This topic describes the architecture of E-MapReduce (EMR).

The following figure shows the architecture of EMR. Architecture
EMR consists of four types of services:
  • Open source services
    Apache big data services, such as Hadoop, Hive, and HBase, are integrated into EMR. The versions of the open source services are updated with EMR versions. For more information, see release notes in Overview.
    Notice You are not allowed to update the version of a service in an existing EMR cluster.
  • Open source services enhanced by EMR
    EMR enhances the performance and features of some open source services. Examples:
    • Spark Streaming SQL is added to Spark. This significantly improves the performance of Spark. For more information, see Common keywords.
    • The Z-ordering and Data Skipping features are added to Delta Lake.
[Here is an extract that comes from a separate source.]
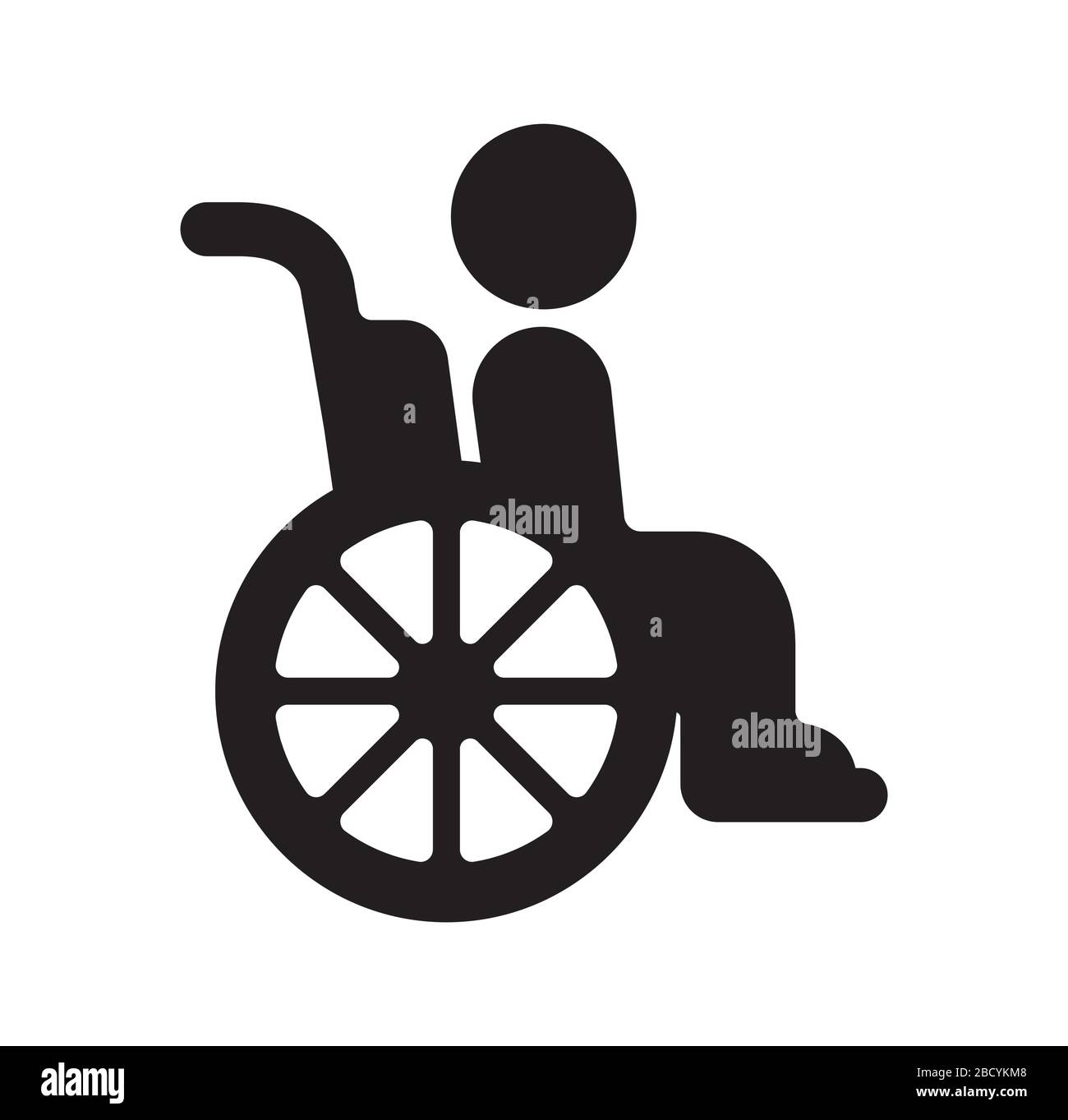 icône fauteuil roulant/handicapés Illustration de Vecteur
For more information, see Overview.
  • Self-developed services of EMR
    EMR provides the following self-developed services, which ensure that open source components and services can better run on the Alibaba Cloud infrastructure:
    • Shuffle Service is an extended component of EMR. It is used to optimize the shuffle operations of computing engines. For more information, see ESS overview.
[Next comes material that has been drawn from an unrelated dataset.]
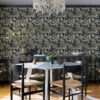 0093474 caspian charcoal jungle prowl wallpaper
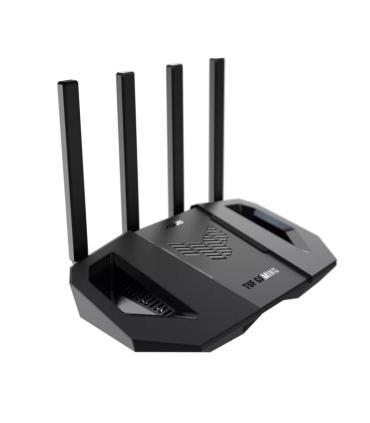 ASUS TUF-BE3600 router inalámbrico Gigabit Ethernet Doble banda (2,4 GHz   5 GHz) Negro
    • SmartData optimizes storage, caching, and computing for various EMR computing engines in a centralized manner and extends storage features. For more information, see SmartData.
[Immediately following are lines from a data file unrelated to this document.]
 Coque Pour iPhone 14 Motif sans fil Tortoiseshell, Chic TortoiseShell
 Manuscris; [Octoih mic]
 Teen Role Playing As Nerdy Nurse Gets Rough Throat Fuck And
  • Alibaba Cloud services

    EMR connects to both open source big data ecosystems and the Alibaba Cloud ecosystem. You can deploy EMR clusters on Alibaba Cloud Elastic Compute Service (ECS) instances or Container Service for Kubernetes (ACK) clusters and store data in Alibaba Cloud Object Storage Service (OSS). You can learn and use Machine Learning Platform for AI (PAI) in an EMR Data Science cluster. EMR is integrated into DataWorks, and you can use EMR as a job computing engine or data storage engine in DataWorks.